When you copy from the entries that follow, take only the lines from the one with "Nickelson Jacket \" down to the one with "Cette publication microforme", keeping both ends and dropping every picture.

(SUPPLIED INFORMATION)

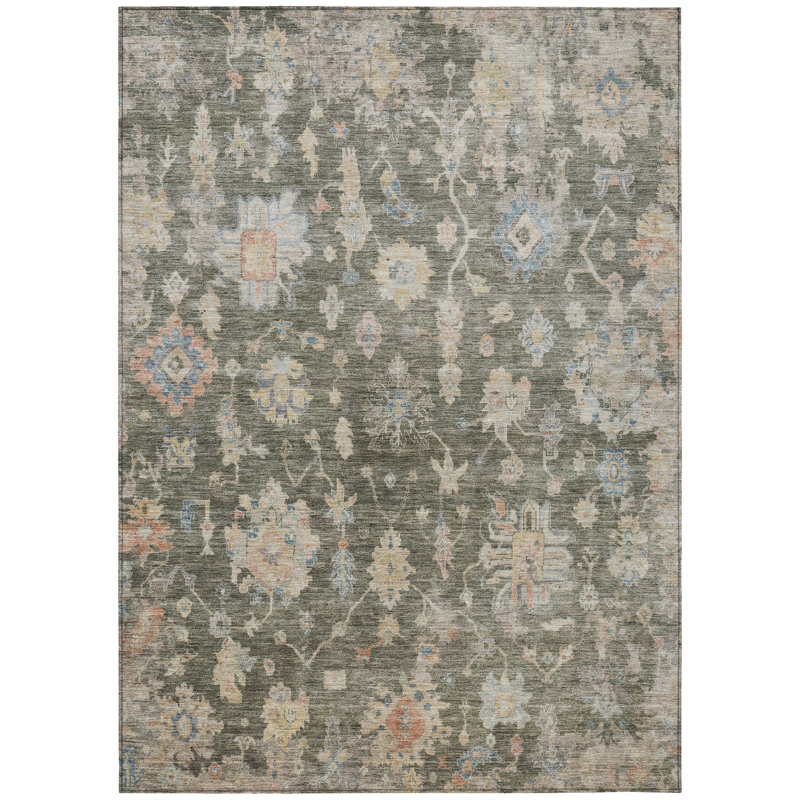 Machine Washable Indoor/Outdoor Francky ACN2355 Traditional Rug, Rectangle 3' x 5'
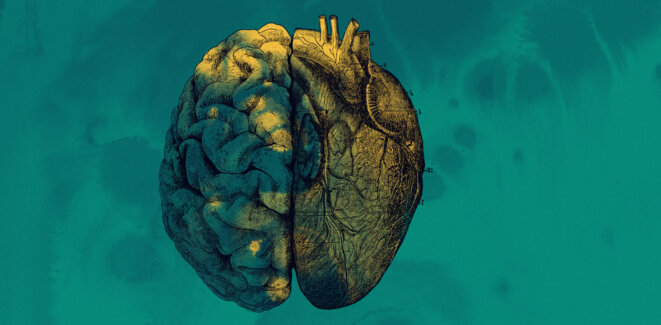 Les liens entre l'autisme et les malformations cardiaques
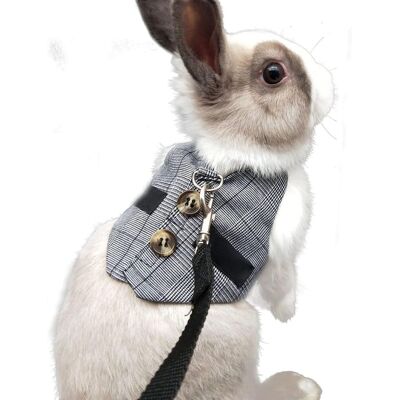 Zone Pettorina Regolabile Per Costume Da Coniglio, Set Di Imbracatura E Guinzaglio Per Piccoli Animali, Conigli, Criceti, Gatti - Grigio M Zone Pettorina Regolabile Per Costume Da Coniglio, Set Di Imbracatura E Guinzaglio Per Piccoli Animali, Conigli, Criceti, Gatti - Grigio M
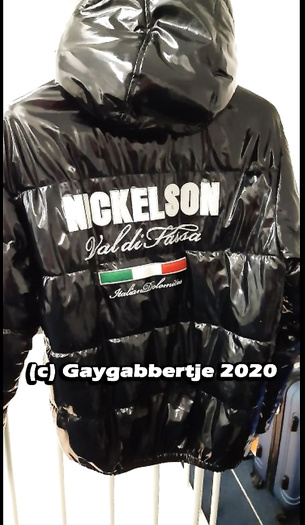 Nickelson Jacket \ Down Jacket \ Shiny jacket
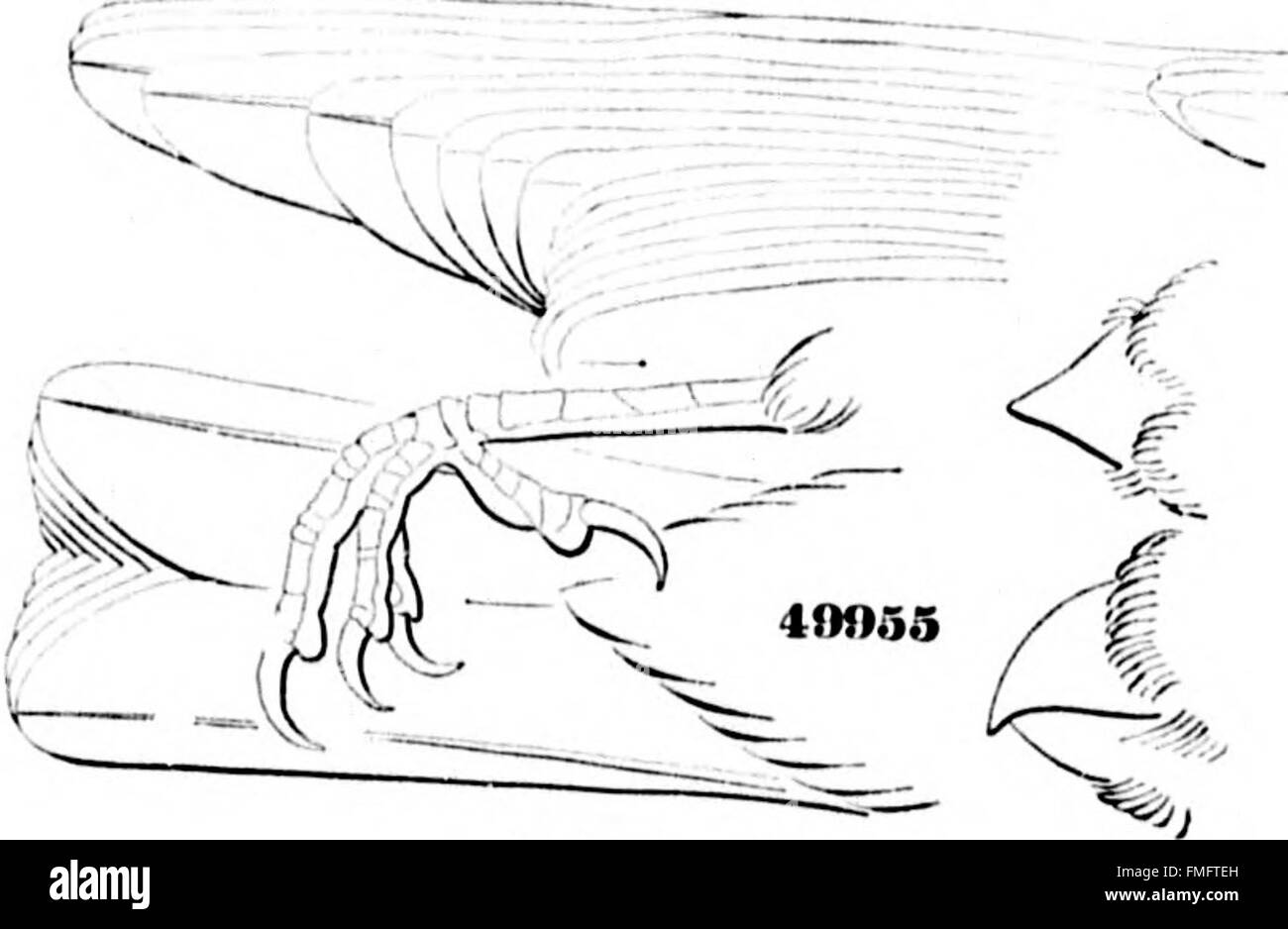 Cette publication microforme de 1874 présente une histoire complète des oiseaux terrestres nord-américains, détaillant leurs habitats, leurs comportements et leur classification, offrant ainsi un aperçu précieux des espèces aviaires de la région. Banque D'Images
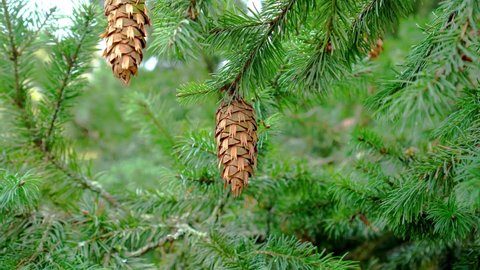 Douglas fir cone on green branch of evergreen tree. Oregon Pine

(End SUPPLIED INFORMATION)

**PROBLEM SOLUTION**
 Nickelson Jacket \ Down Jacket \ Shiny jacket
 Cette publication microforme de 1874 présente une histoire complète des oiseaux terrestres nord-américains, détaillant leurs habitats, leurs comportements et leur classification, offrant ainsi un aperçu précieux des espèces aviaires de la région. Banque D'Images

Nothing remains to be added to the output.